A Poor Man’s Data Warehouse
T-SQL Tuesday this month is being hosted by the one and only Jes Borland (blog | twitter), and the topic of the month is aggregation. Powerful and fast aggregation tools are one of the biggest reasons to use a database. Without them, there would be a lot less awesomeness to look forward to – kind of like a meal without bacon.
Even almighty bacon has its downsides (fat, sodium, etc), and as awesome as aggregates are, they have weaknesses too. What can become an issue with aggregates are that by nature, all applicable values must be scanned to generate the aggregate. For instance, you can't figure out the average of a set of numbers without scanning the entire set. The same holds true for the sum, min, max, and other statistics. This means that the time it takes to calculate an average can grow with the size of the data set.

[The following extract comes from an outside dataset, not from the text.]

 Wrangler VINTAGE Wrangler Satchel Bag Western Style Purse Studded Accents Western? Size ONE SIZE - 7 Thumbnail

As sets get increasingly large, performance can degrade to the point where it's no longer acceptable, in which case other tools may be necessary to deliver the requested aggregate information in an appropriate amount of time.
One such tool for doing this a data warehouse, which can be implemented using SQL Server Analysis Services (SSAS). SSAS has its advantages and disadvantages like any product, and probably the biggest thing it has working against it is its learning curve. There's also the issue that it's only available on standard edition and above, and you don't get all the real goodies unless you're using Enterprise Edition.

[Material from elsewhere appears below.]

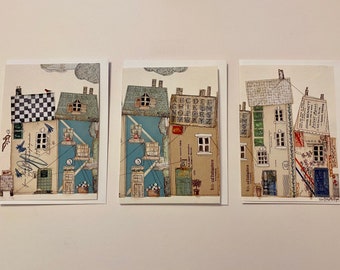 Cards - Set of 3 Greetings Cards - Cloudy Day Trio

A few times I've been able to get the desired results with a much lower-tech solution than SSAS which I call the "Poor Man's Data Warehouse". It's a table of pre-aggregated data. (I really wasn't kidding when I said it was low-tech!) Basically another table is created to store the data in its already-aggregated form. Rather than querying the "primary" tables and performing the costly aggregations on them, these pre-aggregated tables can be used instead, typically with much faster results because fewer records need to be scanned to arrive at the result.

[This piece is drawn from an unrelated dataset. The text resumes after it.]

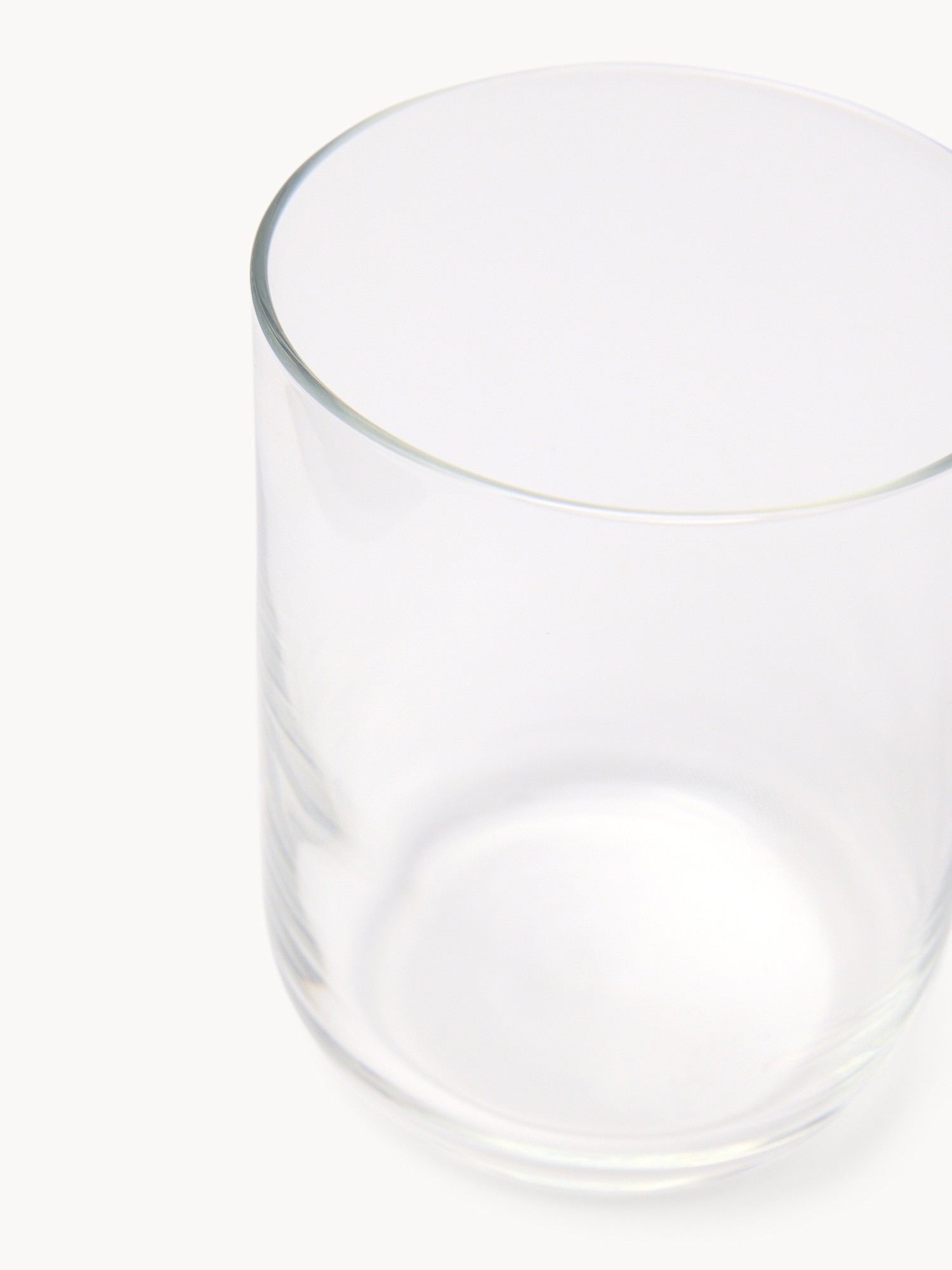Set of 6 Drinking Glasses - Introductory Price, Transparent, large image number 1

For some sample data I'll be using the Production.TransactionHistory table from the AdventureWorks2008 database. If you don't already have AdventureWorks2008 loaded somewhere, you can download it from here. Querying the entire table shows there's a little over 113,000 rows. Let's say that we're only interested in the total number of each product sold each month. First let's create a table for storing the aggregates:
1CREATE TABLE Production.TransactionHistory_PMDW (
2 MonthStart DATE,
3 ProductID INT,
4 TotalQty INT,
5 CONSTRAINT PK_TransactionHistory_PMDW PRIMARY KEY CLUSTERED (MonthStart, ProductID)
6);
You'll notice this table only contains the bare minimum for storing this aggregate data, the start of the month (stored as a DATE), the Product ID, and the total quantity of that product sold during that month. Aggregating by another field in addition to Month and Product would involve adding another column.
Now that the table has been created it needs to be filled with aggregate data, which can be accomplished with the following:
1INSERT INTO Production.TransactionHistory_PMDW (MonthStart, ProductID, TotalQty)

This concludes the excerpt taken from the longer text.